The book includes stories and essays as well: I was impressed by Sarah Kate Istra Winter’s “What It Means to be a Maenad” and, somewhat parallel to it, Tim Ward’s “Dionysos on Skyros” with its questions of how a man moving toward middle age might still manifest the god.

Yesterday
I mentioned Ginette Paris, known for three excellent works of polytheistic psychology: Wisdom of the Psyche: Depth Psychology after Neuroscience, Pagan Meditations: The Worlds of Aphrodite, Artemis, and Hestia, and Pagan Grace: Dionysus, Hermes, and Goddess Memory in Daily Life.

Those books can help you see how divine energies penetrate the psyche and also manifest unexpectedly in everyday life, but Written in Wine is for the times when you want to call them forth—now!

Polytheism and Punctuation

Have you seen the new ads for Gillette’s Venus-brand razors?

Do you think some copywriter once read some classic of pop-psychological polytheism, such as Goddesses in Everywoman: Powerful Archetypes in Women’s Lives?

Or perhaps more amazingly, what if someone read Pagan Meditations: The Worlds of Aphrodite, Artemis, and Hestia?

Gods below! Polytheistic myth as psychology — in the marketplace!

Note the correct use of the apostrophe-in-direct-address in the Gillette page’s title bar. A lot of sloppy writers forget that punctuation can have a semantic purpose. There is quite a bit of difference between “Let’s eat, Susan” and “Let’s eat Susan.”

Lucifer Rising

I took a little trip back into the 1970s today to watch occult/underground filmmaker Kenneth Anger’s Lucifer Rising.

It is not about Satanism but more about invoking energies of nature, a highly symbolic short film with not a word of dialog on the soundtrack.

Or you could say that it is about the aesthetics of ceremonial magick.

You can watch a low-quality version online, but I rented it as part of a Kenneth Anger collection from Netflix.
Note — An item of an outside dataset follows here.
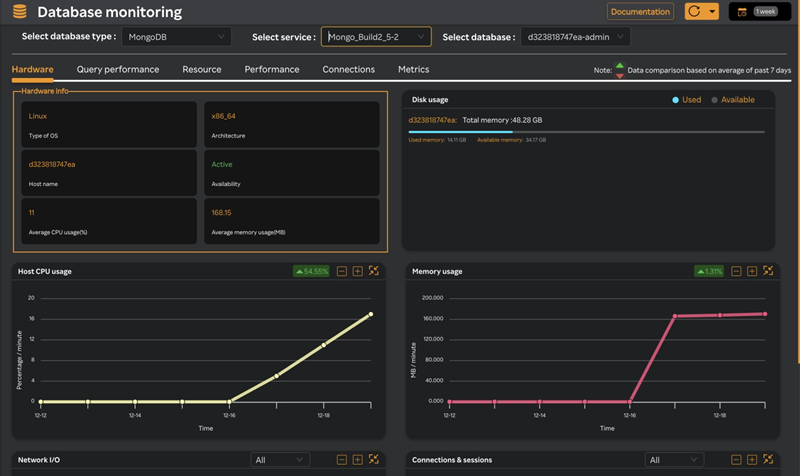 Mongodb dashboard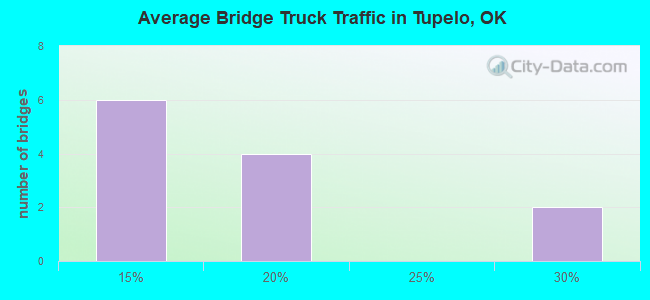 Average Bridge Truck Traffic in Tupelo, OK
Even the story of its music is a masterpiece of Psychedelic Age gossip, involving a composer imprisoned for murder as part of the Manson Family, after Anger’s first choice, Jimmy Page of Led Zeppelin, failed to deliver.

Another article on Anger’s use of color symbolism is here.

Gods Below

“Gods below!” was a favorite oath of the characters in Rome, my favorite HBO series ever.

I have been giving them a lot of thought lately, starting with Cloacina (scroll down to Poster 6).

The line to the septic tank at the guest cabin was clogged beyond my ability to clear it with a hand-cranked snake, so I had to call Cory the plumber.

And since the tank itself had not been pumped for a decade, I called the septic service to pump it. When the pump truck showed up, we discovered the baffle on the outlet pipe had fallen off. I got new parts from the hardware store (a four-inch 90-degree PVC elbow and a neoprene coupling to attach it to four-inch clay pipe, if you’re wondering) to replace it.

It’s a small tank, so I was able to attach the baffle by just hanging over the opening and reaching down. Didn’t drop the screwdriver–hurray. The tank was empty, but still pungent.

I figure that M. could have fit through the opening and climbed down on a ladder, but for some reason she was not interested in helping.

So all honor to Cloacina, a goddess below.